**WHAT THE TASK ASKS**
Output only the lines from the line holding "2 Bed Flat, Summerhill, SE23 - Photo 3" through the close of the records, exactly as they appear, with all pictures omitted.

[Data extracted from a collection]
┄┄┄┄┄┄┄┄┄┄┄┄┄┄┄┄┄┄┄┄

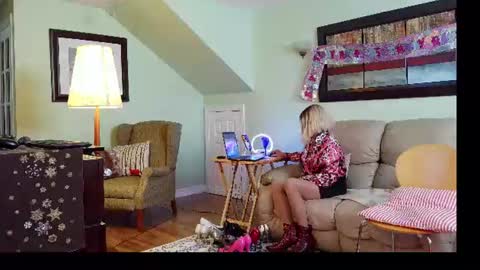 Alicia deHart  Help me reach 1000 Followers. Its FREE online show from 06-21-26, 07:05
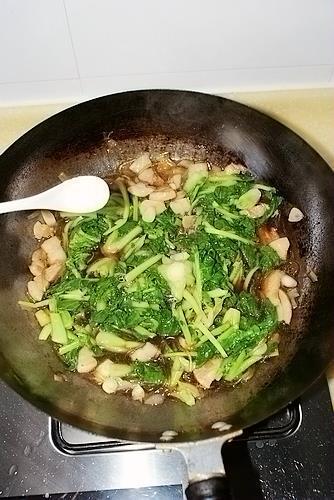 苔菜五花肉炖粉条的做法图解17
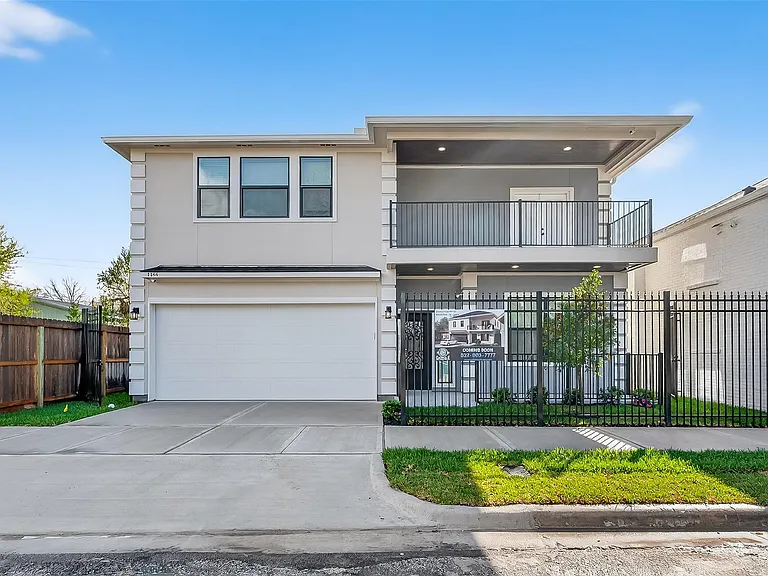 3344 Sanders St — Photo 2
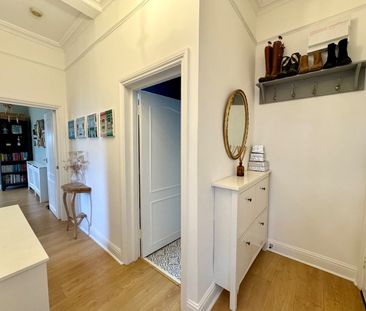 2 Bed Flat, Summerhill, SE23 - Photo 3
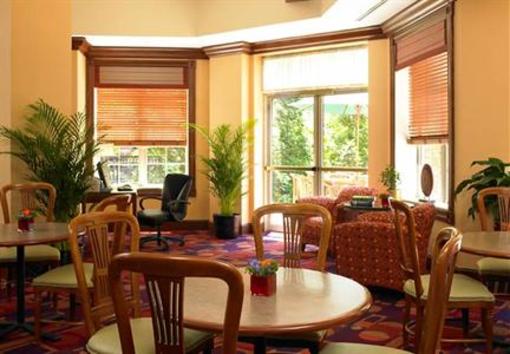 фото отеля Residence Inn Arlington Rosslyn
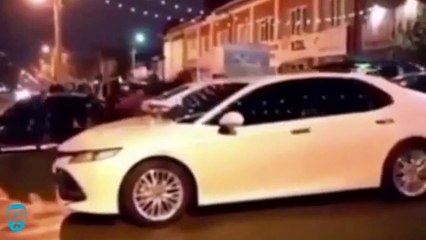 Momento em que mulher tenta fugir a casamento por obrigação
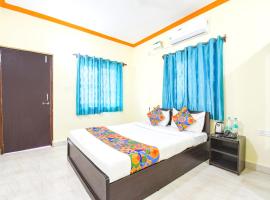 FabExpress Shanel Beachside Resort, hotel en Baga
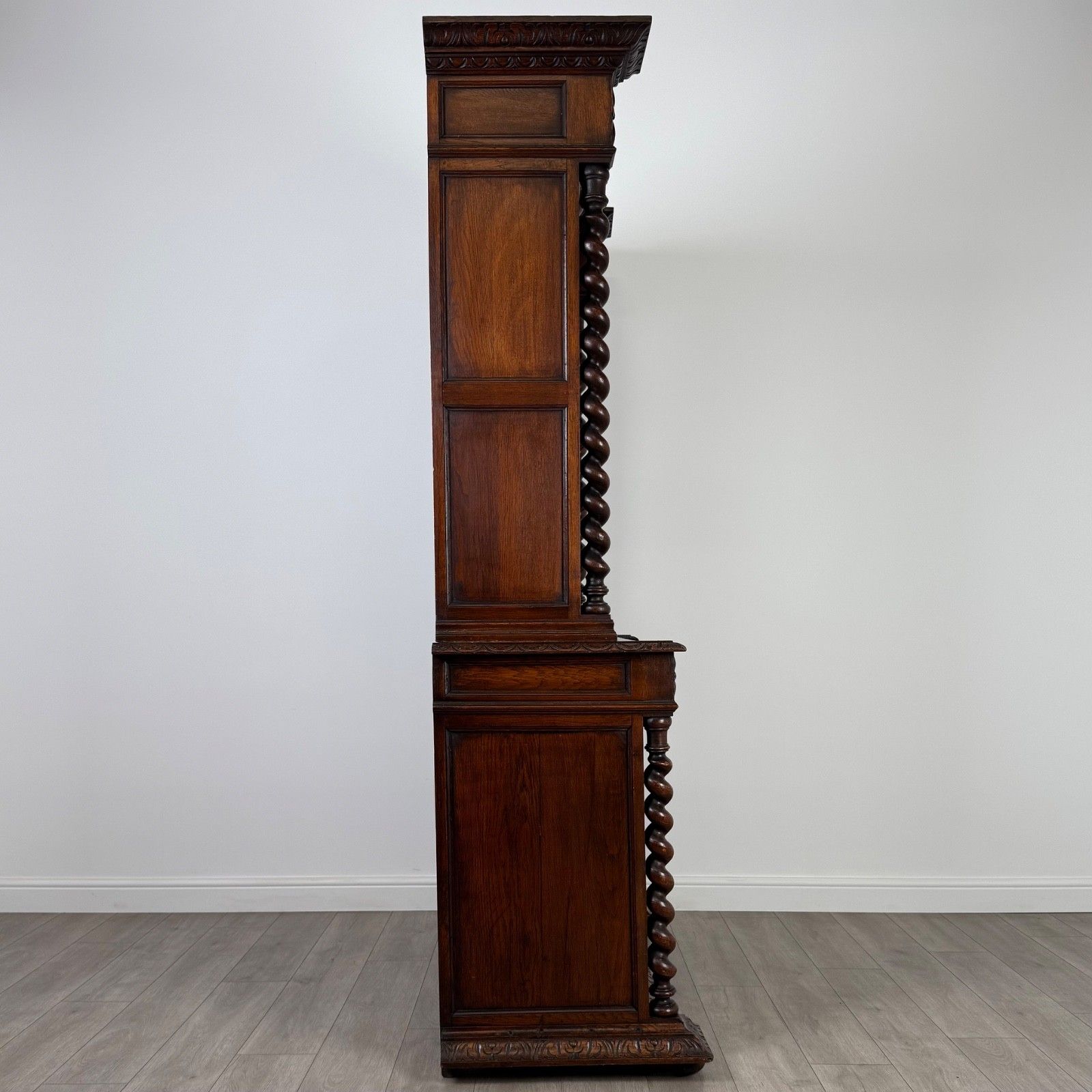photo furniture Antique 19th Century Renaissance Revival Bookcase In Oak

┄┄┄┄┄┄┄┄┄┄┄┄┄┄┄┄┄┄┄┄

**PROBLEM SOLUTION**
 2 Bed Flat, Summerhill, SE23 - Photo 3
 фото отеля Residence Inn Arlington Rosslyn
 Momento em que mulher tenta fugir a casamento por obrigação
 FabExpress Shanel Beachside Resort, hotel en Baga
photo furniture Antique 19th Century Renaissance Revival Bookcase In Oak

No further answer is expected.